Raw data:
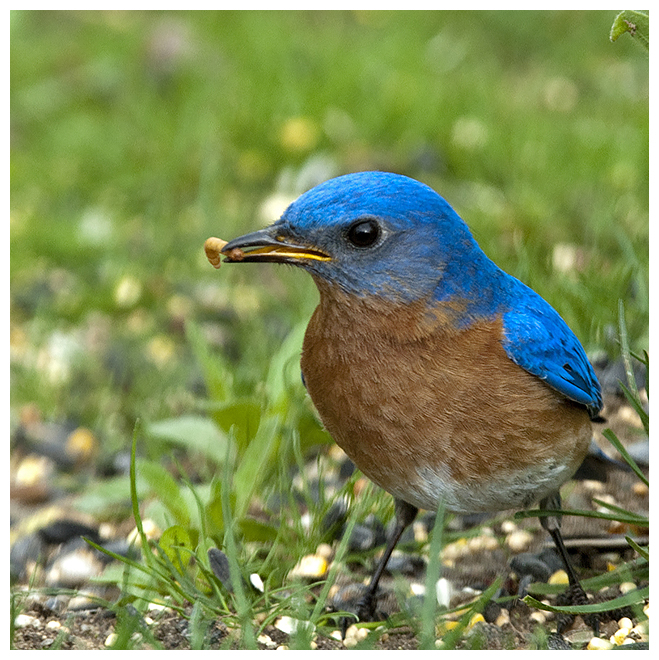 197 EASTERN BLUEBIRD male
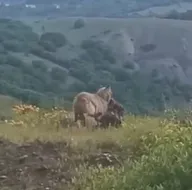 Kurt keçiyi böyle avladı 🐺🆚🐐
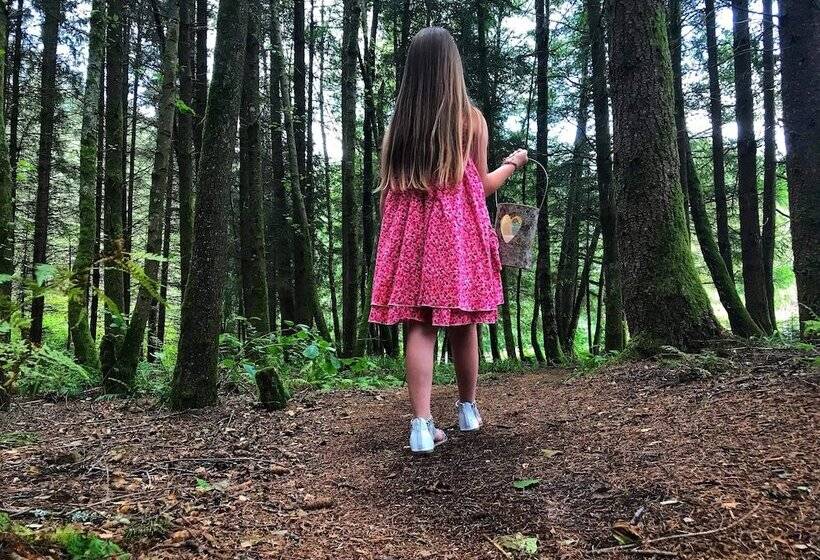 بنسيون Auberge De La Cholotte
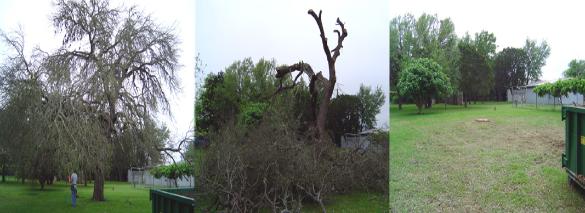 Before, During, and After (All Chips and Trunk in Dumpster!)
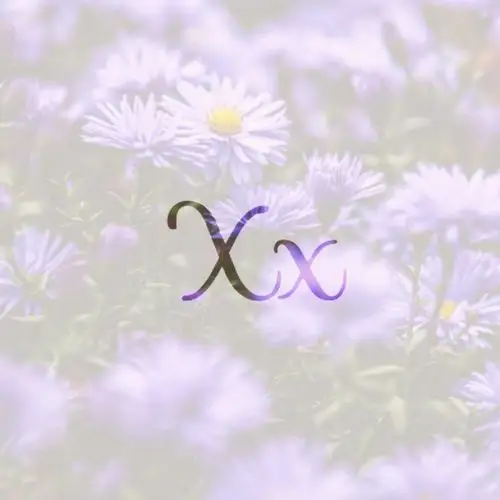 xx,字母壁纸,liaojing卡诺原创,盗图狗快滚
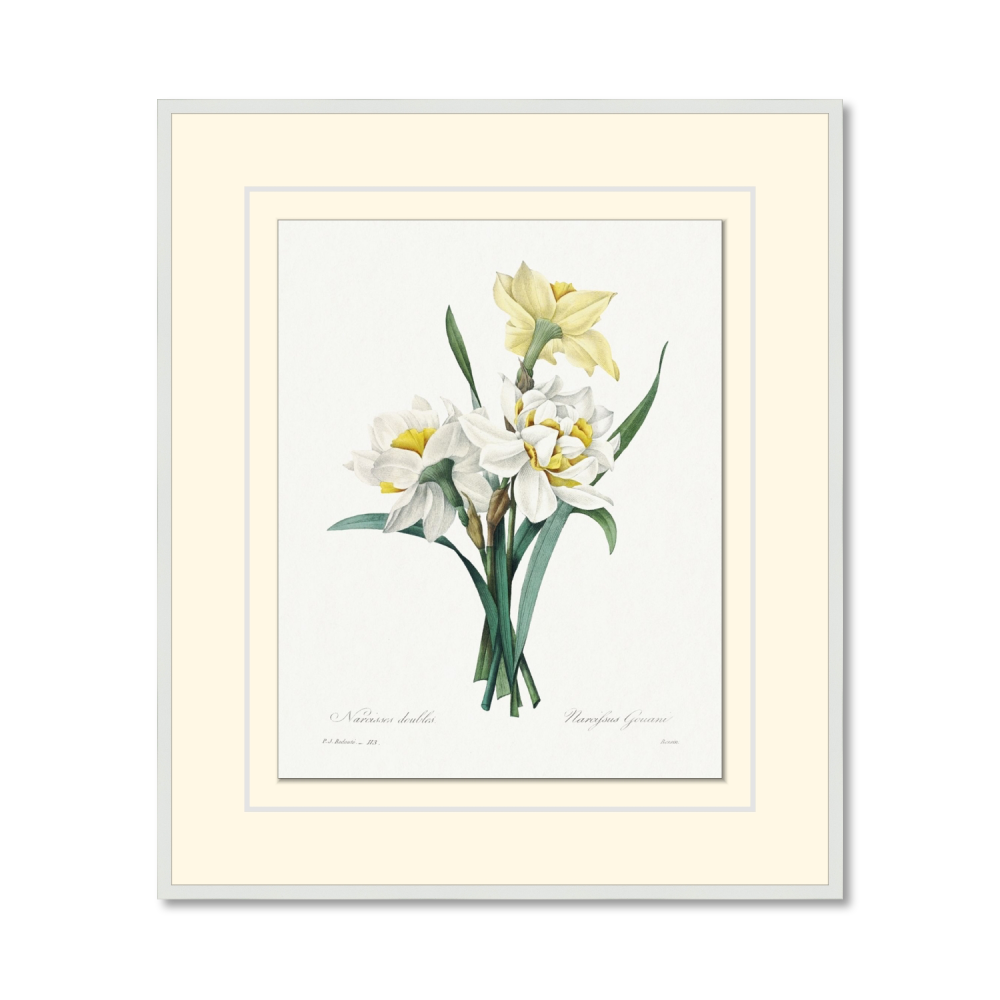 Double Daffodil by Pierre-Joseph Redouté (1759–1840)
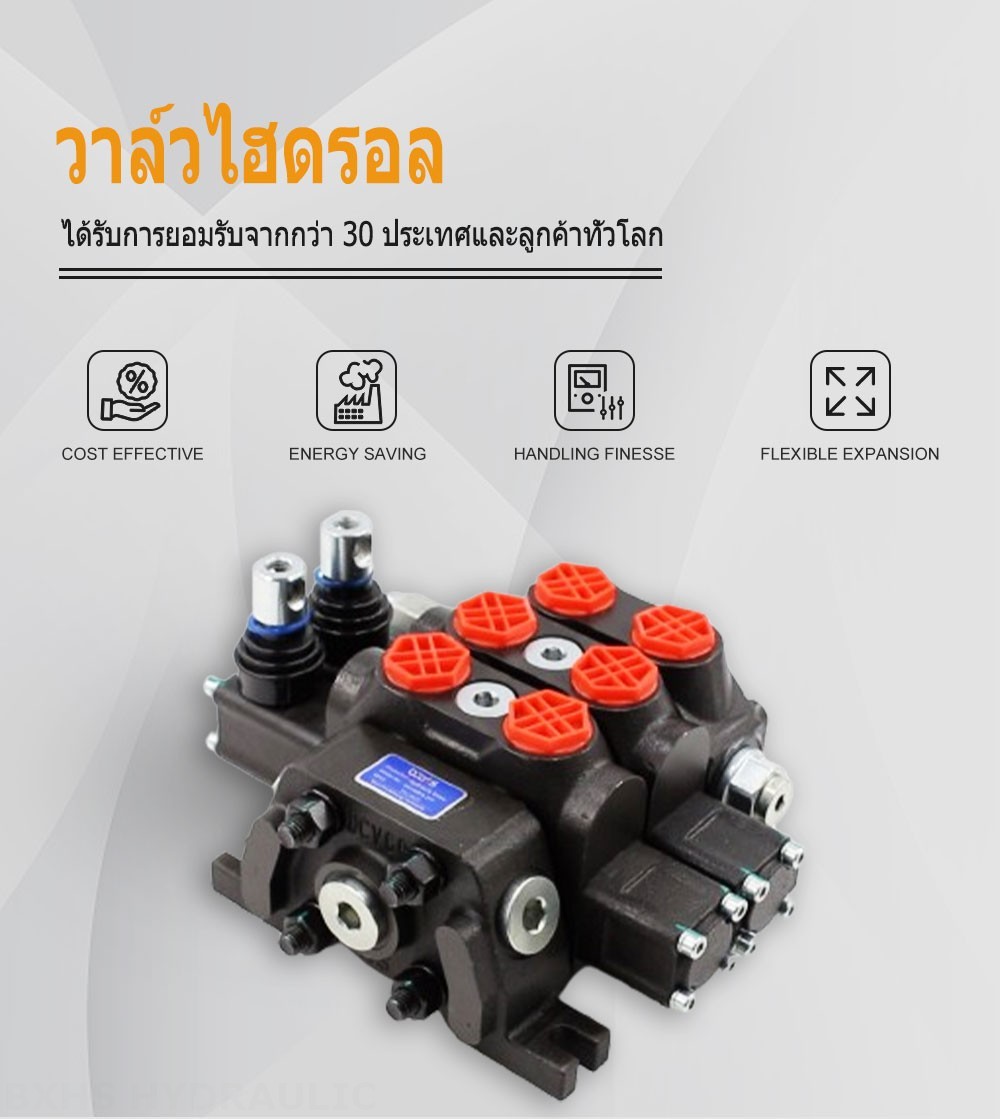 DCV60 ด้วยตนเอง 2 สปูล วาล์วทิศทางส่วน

Directions for this task:
Print each entry shown above with exact wording and no pictures.

Task result:
 197 EASTERN BLUEBIRD male
 Kurt keçiyi böyle avladı 🐺🆚🐐
 بنسيون Auberge De La Cholotte
 Before, During, and After (All Chips and Trunk in Dumpster!)
 xx,字母壁纸,liaojing卡诺原创,盗图狗快滚
 Double Daffodil by Pierre-Joseph Redouté (1759–1840)
 DCV60 ด้วยตนเอง 2 สปูล วาล์วทิศทางส่วน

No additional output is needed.